§ How to complete this task
Every line that contains the word "Outdoor" should be copied from the records below.

§ Data shown
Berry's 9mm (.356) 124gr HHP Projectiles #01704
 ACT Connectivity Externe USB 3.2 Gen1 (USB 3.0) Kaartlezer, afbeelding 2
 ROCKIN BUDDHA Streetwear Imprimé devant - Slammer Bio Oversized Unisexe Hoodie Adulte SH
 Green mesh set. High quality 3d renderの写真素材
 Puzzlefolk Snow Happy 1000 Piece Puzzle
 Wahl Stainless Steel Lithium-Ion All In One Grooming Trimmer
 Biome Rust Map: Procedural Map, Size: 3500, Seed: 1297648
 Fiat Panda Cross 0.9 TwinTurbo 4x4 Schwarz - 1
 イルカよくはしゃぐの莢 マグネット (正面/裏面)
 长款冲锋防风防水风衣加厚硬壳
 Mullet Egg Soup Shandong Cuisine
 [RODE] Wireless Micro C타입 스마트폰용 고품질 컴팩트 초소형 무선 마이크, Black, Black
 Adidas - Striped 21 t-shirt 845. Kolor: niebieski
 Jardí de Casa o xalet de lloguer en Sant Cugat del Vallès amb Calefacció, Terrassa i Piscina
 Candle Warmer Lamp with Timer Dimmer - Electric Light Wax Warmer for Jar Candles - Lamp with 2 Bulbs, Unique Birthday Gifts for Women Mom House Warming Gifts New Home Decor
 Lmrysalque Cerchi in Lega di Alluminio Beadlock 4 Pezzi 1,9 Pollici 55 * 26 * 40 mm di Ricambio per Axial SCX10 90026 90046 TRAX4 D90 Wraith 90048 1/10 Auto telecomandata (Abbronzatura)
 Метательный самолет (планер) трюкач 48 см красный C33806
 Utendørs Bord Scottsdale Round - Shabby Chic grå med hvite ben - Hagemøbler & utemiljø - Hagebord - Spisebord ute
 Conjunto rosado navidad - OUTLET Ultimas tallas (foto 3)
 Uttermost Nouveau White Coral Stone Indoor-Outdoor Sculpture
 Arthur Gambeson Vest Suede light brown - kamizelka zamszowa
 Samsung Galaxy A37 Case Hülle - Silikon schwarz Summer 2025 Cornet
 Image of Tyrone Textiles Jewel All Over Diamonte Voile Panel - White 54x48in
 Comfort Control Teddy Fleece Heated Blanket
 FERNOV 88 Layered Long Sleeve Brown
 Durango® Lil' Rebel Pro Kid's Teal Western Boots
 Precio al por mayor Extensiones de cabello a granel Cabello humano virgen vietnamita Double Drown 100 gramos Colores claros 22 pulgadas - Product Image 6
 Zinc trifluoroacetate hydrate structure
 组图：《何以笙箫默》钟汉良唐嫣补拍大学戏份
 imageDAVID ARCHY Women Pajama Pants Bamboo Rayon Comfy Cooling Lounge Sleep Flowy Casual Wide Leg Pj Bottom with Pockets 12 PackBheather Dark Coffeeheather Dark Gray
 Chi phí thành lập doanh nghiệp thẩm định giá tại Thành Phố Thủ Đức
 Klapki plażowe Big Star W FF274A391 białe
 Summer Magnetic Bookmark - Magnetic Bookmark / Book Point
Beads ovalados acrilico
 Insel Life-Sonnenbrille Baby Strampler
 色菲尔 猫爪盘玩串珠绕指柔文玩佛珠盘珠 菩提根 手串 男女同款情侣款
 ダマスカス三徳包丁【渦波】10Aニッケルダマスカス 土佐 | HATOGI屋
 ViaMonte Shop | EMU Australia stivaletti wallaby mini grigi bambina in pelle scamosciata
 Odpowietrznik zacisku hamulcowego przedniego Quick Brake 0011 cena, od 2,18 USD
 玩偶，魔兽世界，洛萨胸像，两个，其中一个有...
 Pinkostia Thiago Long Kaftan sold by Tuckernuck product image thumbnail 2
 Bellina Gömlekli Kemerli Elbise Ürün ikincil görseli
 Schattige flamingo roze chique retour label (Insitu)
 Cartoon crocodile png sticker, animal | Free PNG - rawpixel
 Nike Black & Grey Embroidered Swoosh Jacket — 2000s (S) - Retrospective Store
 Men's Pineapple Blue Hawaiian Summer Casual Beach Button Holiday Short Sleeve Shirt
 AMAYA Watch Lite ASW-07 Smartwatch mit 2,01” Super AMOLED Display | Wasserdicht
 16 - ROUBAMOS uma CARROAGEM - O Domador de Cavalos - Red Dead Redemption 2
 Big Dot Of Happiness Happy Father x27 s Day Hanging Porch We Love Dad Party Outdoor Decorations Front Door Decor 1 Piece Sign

§ Expected answer
 Uttermost Nouveau White Coral Stone Indoor-Outdoor Sculpture
 Big Dot Of Happiness Happy Father x27 s Day Hanging Porch We Love Dad Party Outdoor Decorations Front Door Decor 1 Piece Sign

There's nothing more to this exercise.